--- SUPPLIED RECORDS ---

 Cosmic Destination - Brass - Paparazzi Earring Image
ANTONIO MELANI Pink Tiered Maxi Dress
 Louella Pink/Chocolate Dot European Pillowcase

---
--- SUPPLIED RECORDS ---

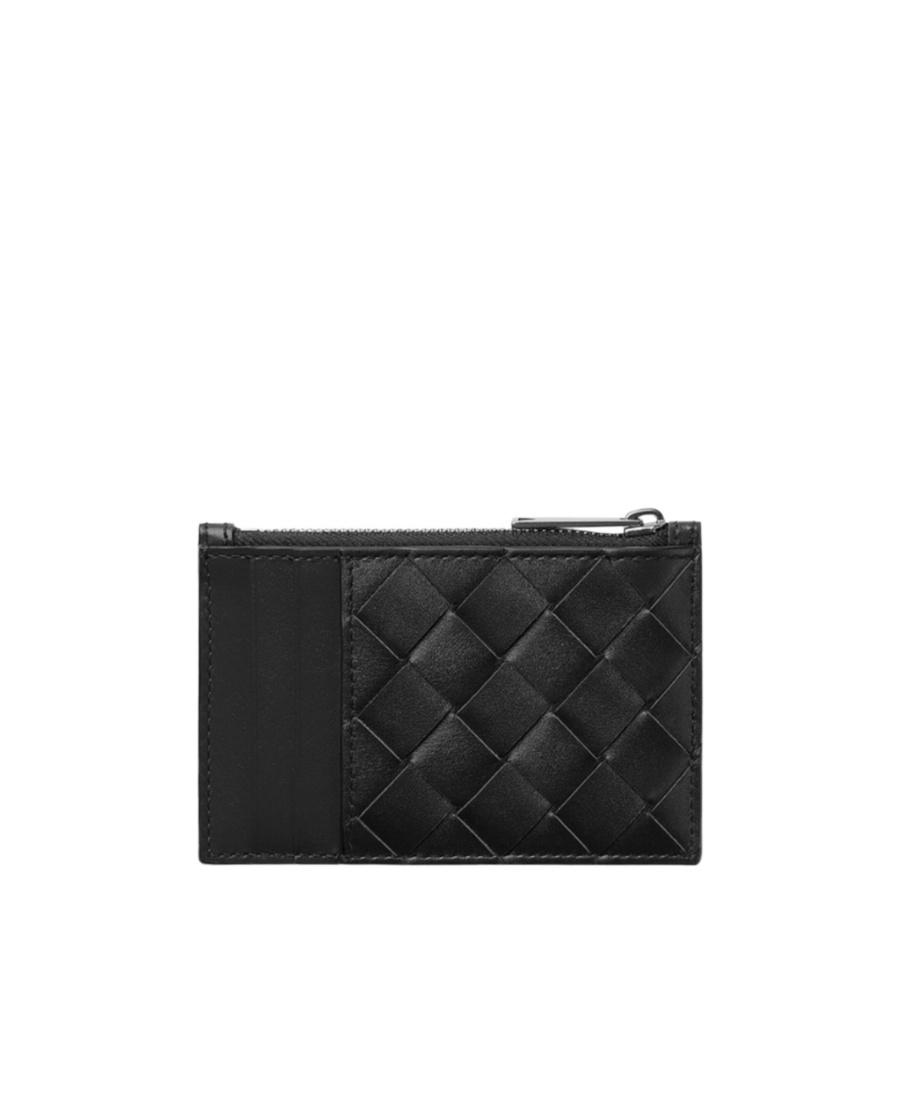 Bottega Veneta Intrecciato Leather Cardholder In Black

---
--- SUPPLIED RECORDS ---

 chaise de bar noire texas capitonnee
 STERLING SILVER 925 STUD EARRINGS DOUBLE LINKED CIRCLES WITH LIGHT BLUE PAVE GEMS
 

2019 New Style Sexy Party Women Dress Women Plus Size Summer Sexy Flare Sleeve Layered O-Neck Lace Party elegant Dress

---

### WHAT IS REQUIRED
After identifying the lines above that contain "Dress", copy each one.

### RESULT OF THIS TASK
ANTONIO MELANI Pink Tiered Maxi Dress
2019 New Style Sexy Party Women Dress Women Plus Size Summer Sexy Flare Sleeve Layered O-Neck Lace Party elegant Dress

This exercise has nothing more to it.